Apple-Google wars; fun stuff.
Pager? Who the heck uses pagers nowadays?
Although the patent says “pager” in its title, I strongly suspect that the disclosed method is used in some arcane way in smartphones.
Seems like Apple got bit by the same bug that they used to bite the competition about 15 years ago.
Apple didn’t create Firewire, but they were a strong proponent in establishing the Firewire standard, they successfully got it recognized as a standard (IEEE 1394), and incorporated it into the Mac’s hardware for over a decade. Video camcorders, cameras and other high-data rate devices followed suit. Upon adoption of the IEEE 1394, Apple demanded royalty payments for use of any Firewire Hub chipset.
This effectively killed Firewire, and was sleazy as all h*ll. It was also an effective tool to accelerate USB 2.0 into the cabling domain.
IMHO, this case is utter crap; when you sponsor a STANDARD, you should forfeit all rights to exclusivity and royalties as a Patent holder. Why? When you become a STANDARD, you effectively become the ‘only’ viable way to do something.
Now, Apple seems to have started making these t*rd sandwiches, it’s kinda ironic to see them getting force fed a nice big serving themselves.
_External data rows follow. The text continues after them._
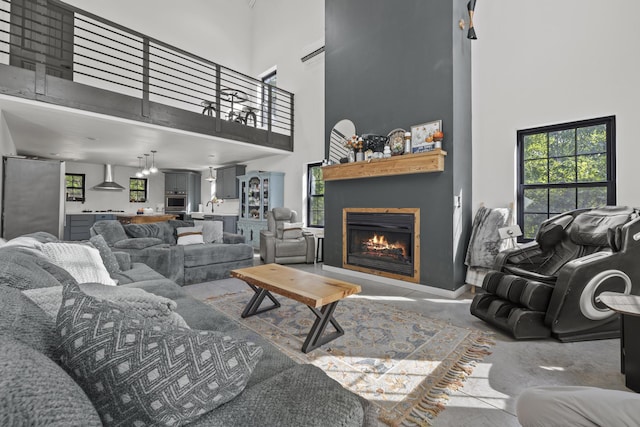 living room featuring a towering ceiling, a lit fireplace, and concrete floors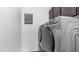 Laundry room with a modern, front-load washer and dryer set and a sign with Gathering rules at 31318 N 26Th Dr, Phoenix, AZ 85085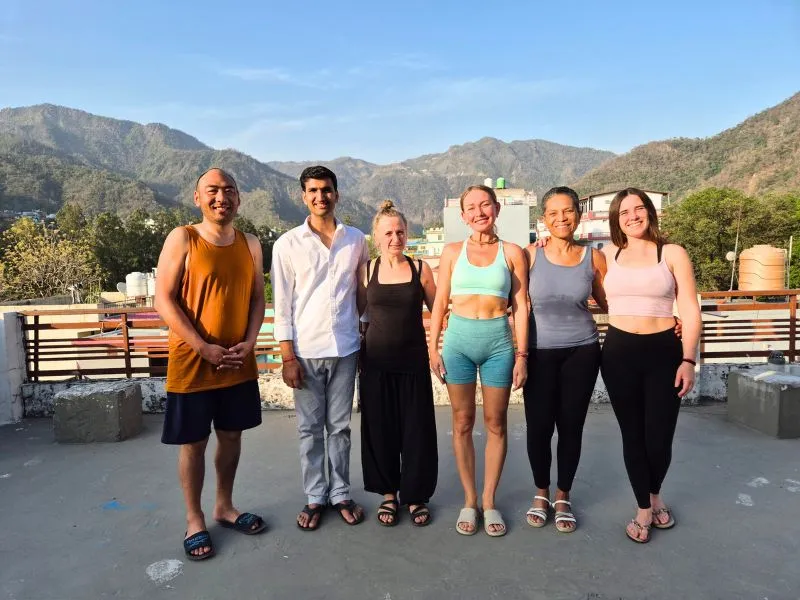 Yoga retreat participants enjoying Himalayan views during 14 days yoga retreat in Rishikesh India with peaceful group atmosphere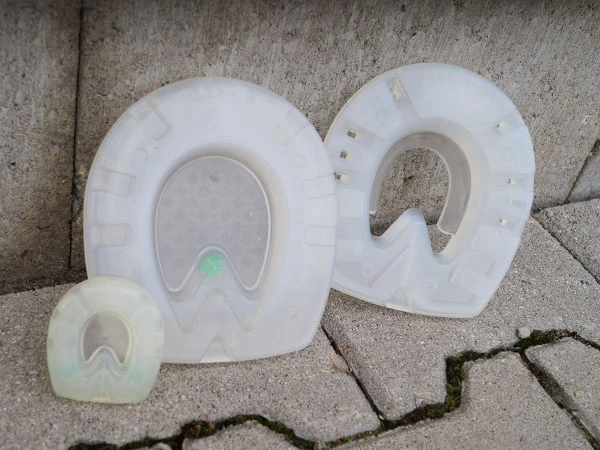 stossdämpfende Kunststoffbeschläge für Pferde in drei verschiedenen Ausführungen stehen nebeneinander.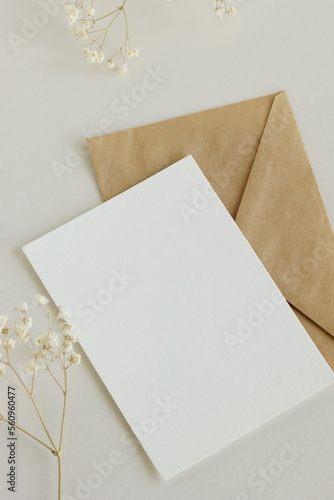 Greeting card mockup, envelope and dried gypsophila flowers twigs on beige background top view flatlay. Card mockup with copy space.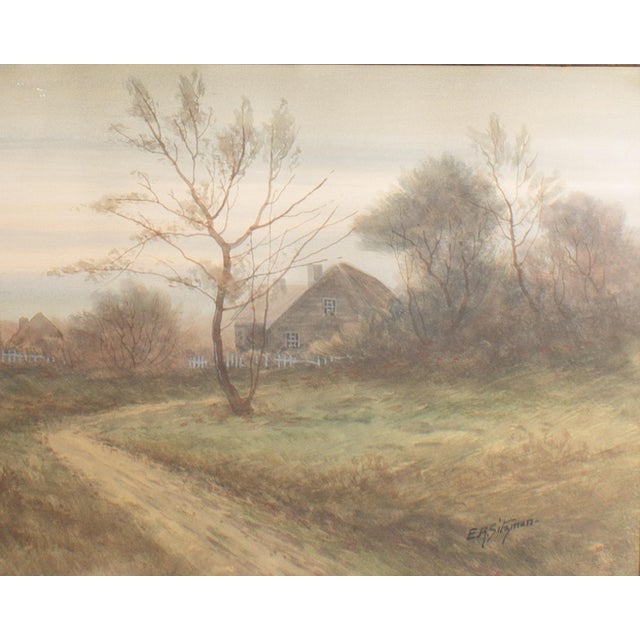 A watercolor painting of a country landscape by the American artist Edward R. Sitzman (1874-1949). This painting depicts...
Sorry, you are wrong! Apple did indeed create FireWire and holds the patents. Yes, there is a IEEE 1394 standard for FireWire but that does NOT invalidate that patent, it just established it as a standard so that other makers would know what was required and make their products to be compliant to a known standard, and that also set the standard connectors and voltages as specified by Apple. There are many patented standards. It is not similar to a FRAND patent at all. Apple was merely attempting to exercise its licensing rights for its intellectual property.